I did get to the final performance of Helen on Saturday, and it was a full house. The audience was paying close attention, and not reacting much. Which I was told was very different from Friday night, when some local theatre folk inspired a raucous audience that laughed a lot.
Comedy can be so strange that way--sometimes, especially for plays with unusual themes or classical authors, there have to a few "laughers" in the audience to give others permission to laugh. But some nights even that's not enough. People on Saturday were talking about the content of the play at intermission and afterwards--they were really listening. But they also weren't laughing, and that can be dispiriting to the actors, and throw off their timing. This was a particular burden on Darcy Daughtry as Helen, because she carries and connects the play--the other characters (except for the servant) have one scene each, and two of them have clearly comic turns. Though it didn't seem to bother her.
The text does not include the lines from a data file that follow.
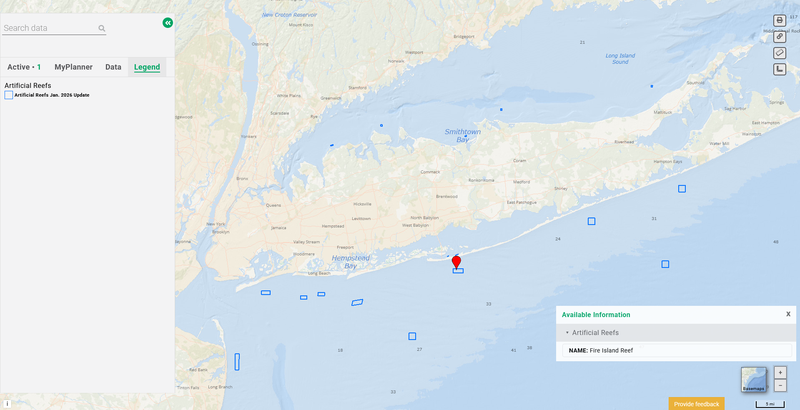 A map showing artificial reef areas around the Long Island coast.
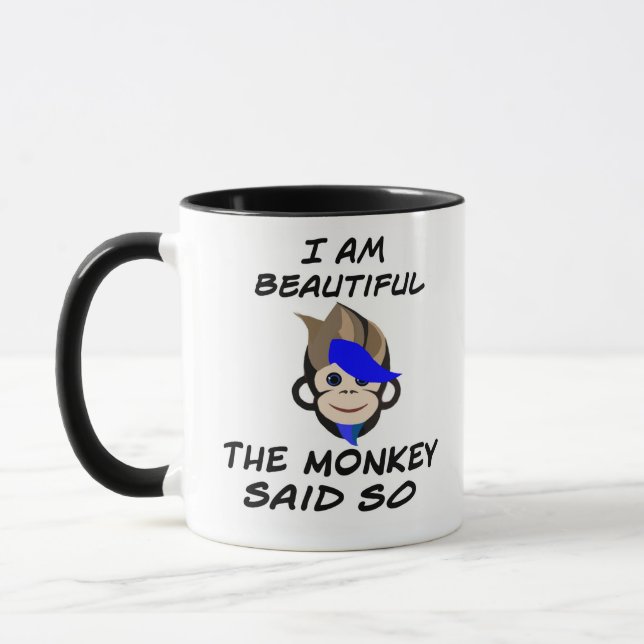 Punk Monkey I am beautiful the monkey said so Mug (Left)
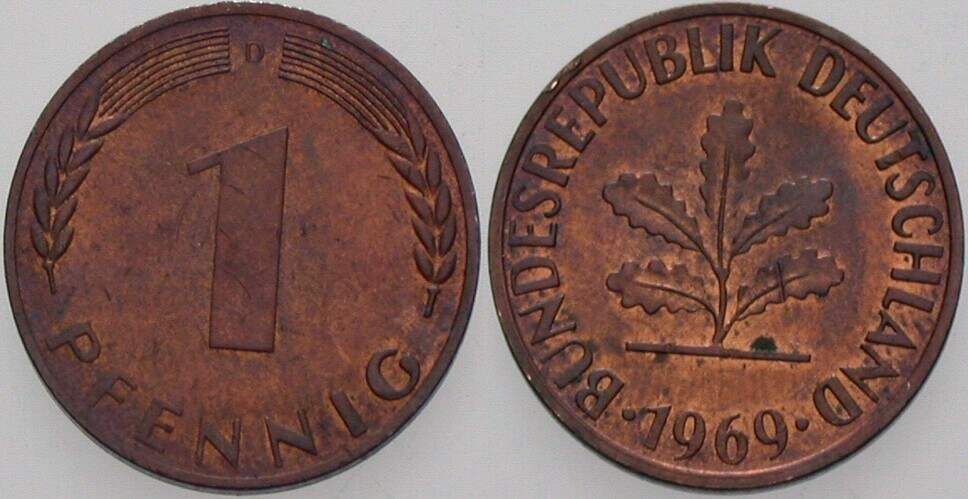 1 Pfennig 1969 J. 380 sehr schön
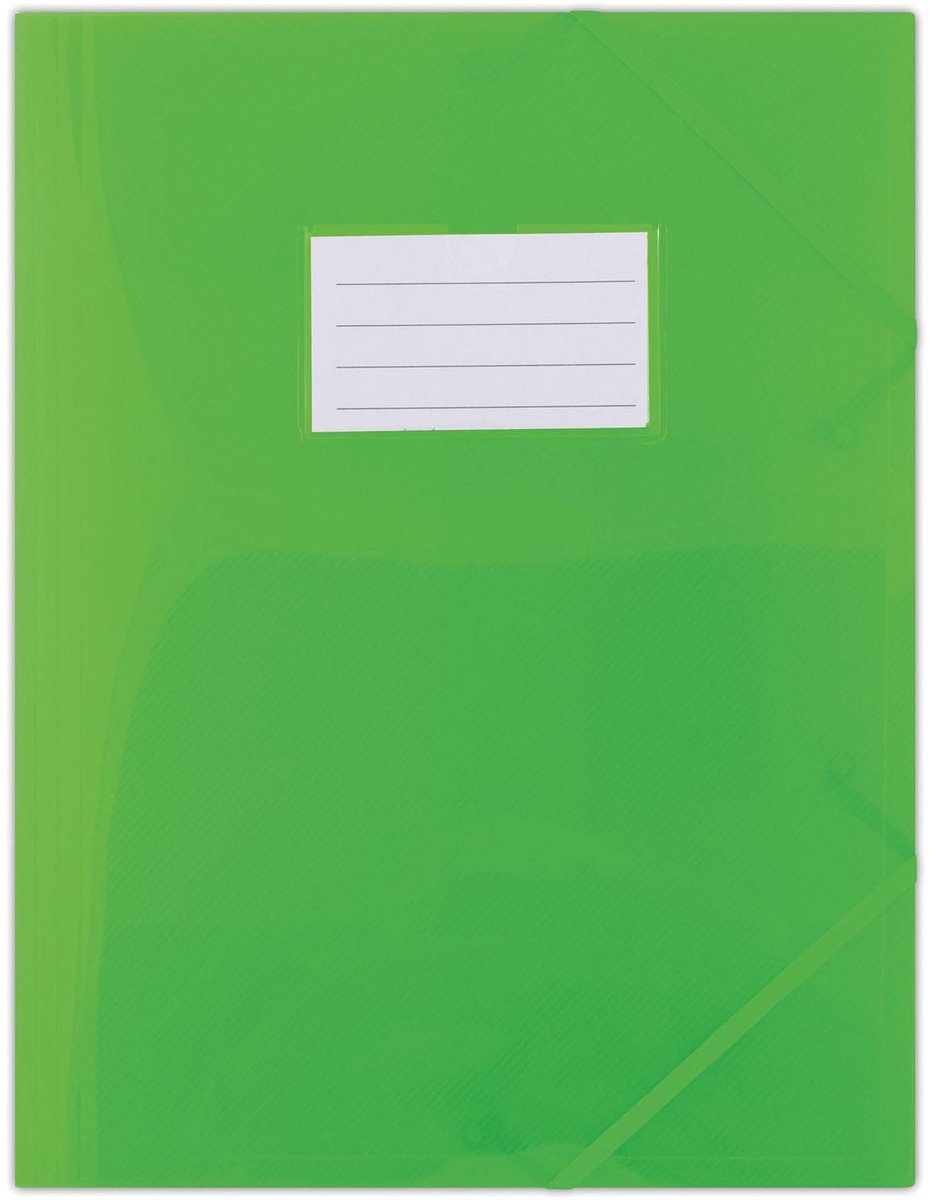 Donau-Dokumentenmappe mit Gummizug, PP, A4, 480 Mikron, 3 Klappen, halbtransparent, grün, Typ 3 Klappen, mit Gummizug, mit Etikettenregister, n.a. Einsteckhülsen – nicht verfügbar. Material – PP-Laschen – nicht verfügbar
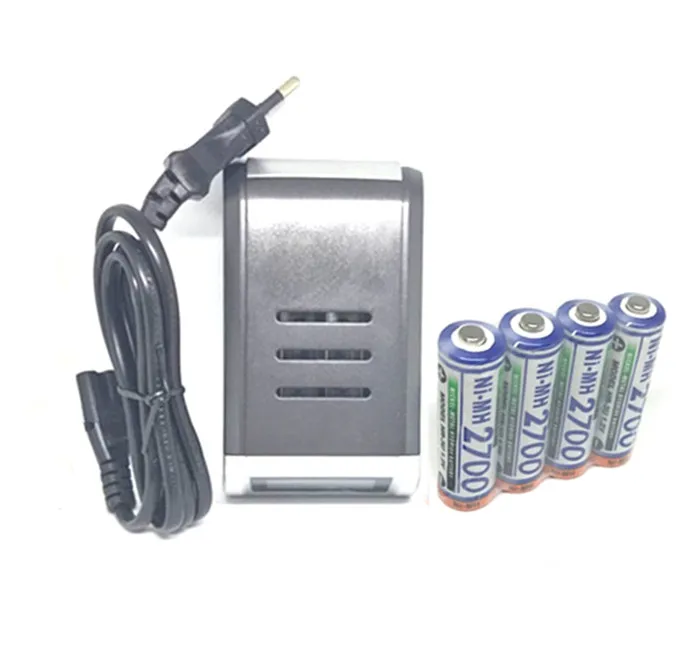 4PCS/lot FOR SANYO 1.2V AA 2700mAh Rechargeable battery + 4 slots AA
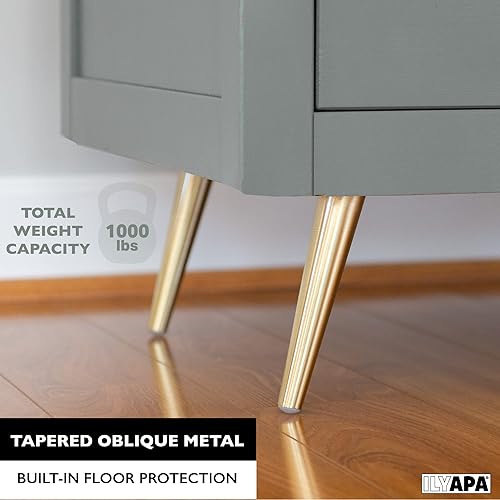 Miniatura 2 de Ilyapa Patas oblicuas cónicas de metal para muebles, juego de 4 patas de repuesto modernas de mediados de siglo para sofás, sillas, mesas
And that's the other half of the dilemma for this play, because while Erik Rhea as Menelaus has some funny business, his is more of a tragic turn. So the raucous laughter of Friday turned a bit inappropriate as a response to his story of the young soldier being strangled inside the Trojan horse... Still, it probably would have been more fun to be there Friday.
One oddity about this play and where it was performed, that I doubt anyone else noticed: Down the hall from Gist Theatre, on the way to the water fountain that barely works (left over from when this building was a grade school, and so it is very low as well), the vending machines and a couple of the restrooms, there are offices. Specifically the offices of the Audio-Visual department, where the veteran Philip Hooker has been joined by Jim Goddess. And there are their quite unusual names, side by side, posted on the door: Hooker, Goddess.
And of course that's one of the major themes of Helen: Goddess--or hooker? Hooker--or goddess? Both, it seems...behind the same door.